• Supplied information
=== Section Start ===

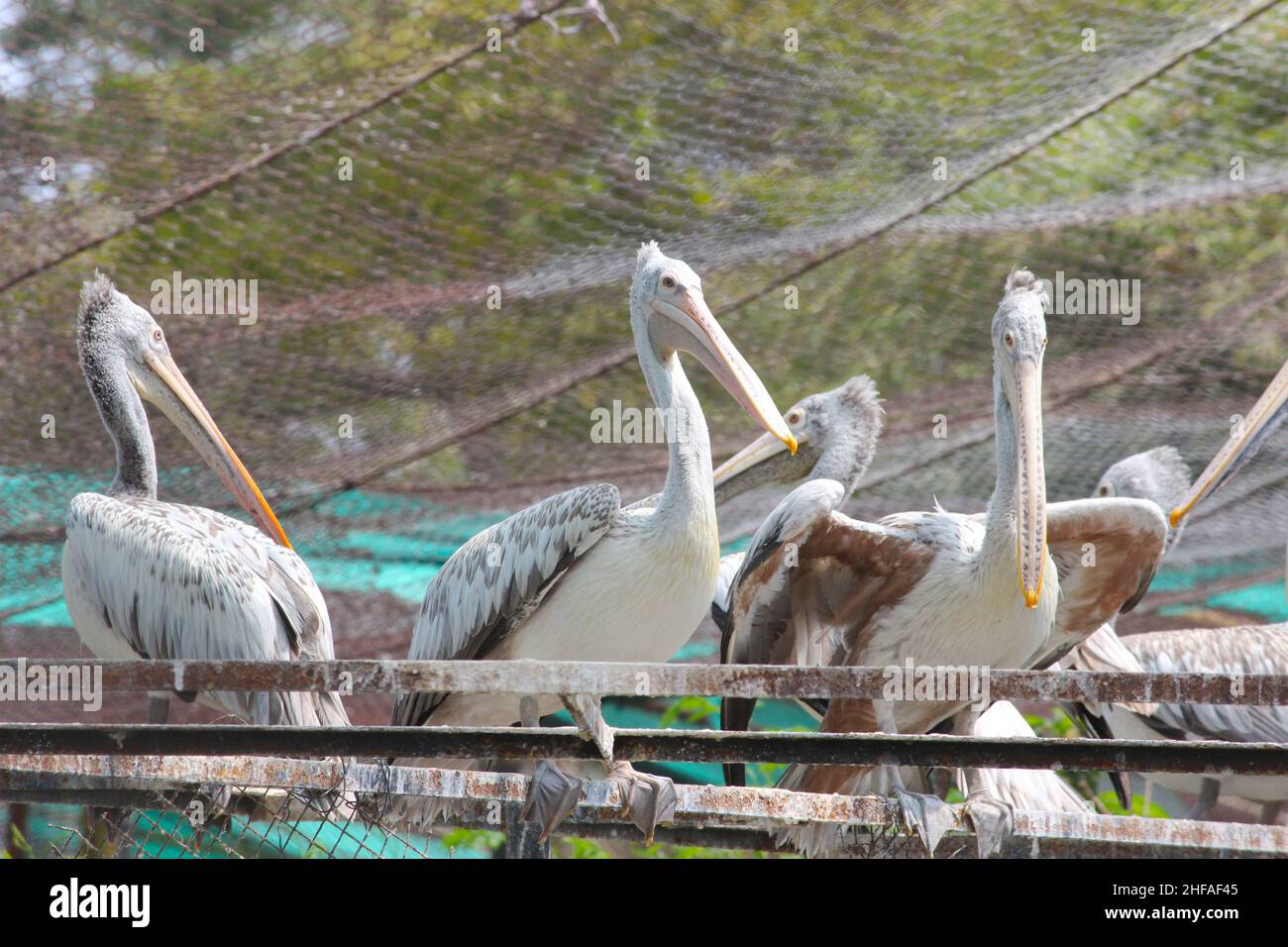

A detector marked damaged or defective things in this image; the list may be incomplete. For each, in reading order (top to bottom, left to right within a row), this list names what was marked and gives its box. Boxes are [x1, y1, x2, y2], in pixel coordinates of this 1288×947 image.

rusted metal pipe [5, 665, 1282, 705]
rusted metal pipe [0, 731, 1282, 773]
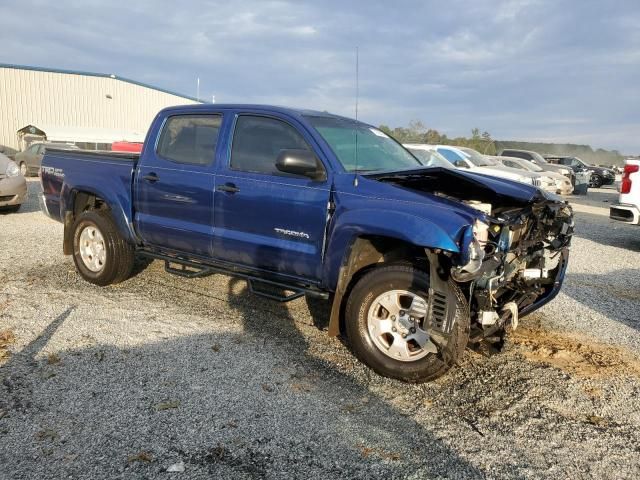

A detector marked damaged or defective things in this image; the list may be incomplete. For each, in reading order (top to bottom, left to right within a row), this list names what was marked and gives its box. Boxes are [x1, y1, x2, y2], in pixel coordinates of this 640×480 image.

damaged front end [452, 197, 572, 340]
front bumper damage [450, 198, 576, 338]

=== Section End ===

• How to complete this task
The records above are to be copied exactly, without their pictures.

• Written reply
A detector marked damaged or defective things in this image; the list may be incomplete. For each, in reading order (top to bottom, left to right within a row), this list names what was marked and gives its box. Boxes are [x1, y1, x2, y2], in pixel coordinates of this 1288×947 image.

rusted metal pipe [5, 665, 1282, 705]
rusted metal pipe [0, 731, 1282, 773]

A detector marked damaged or defective things in this image; the list may be incomplete. For each, in reading order (top to bottom, left to right within a row), this list names what was marked and gives its box. Boxes are [x1, y1, x2, y2], in pixel coordinates of this 640×480 image.

damaged front end [452, 197, 572, 340]
front bumper damage [450, 198, 576, 338]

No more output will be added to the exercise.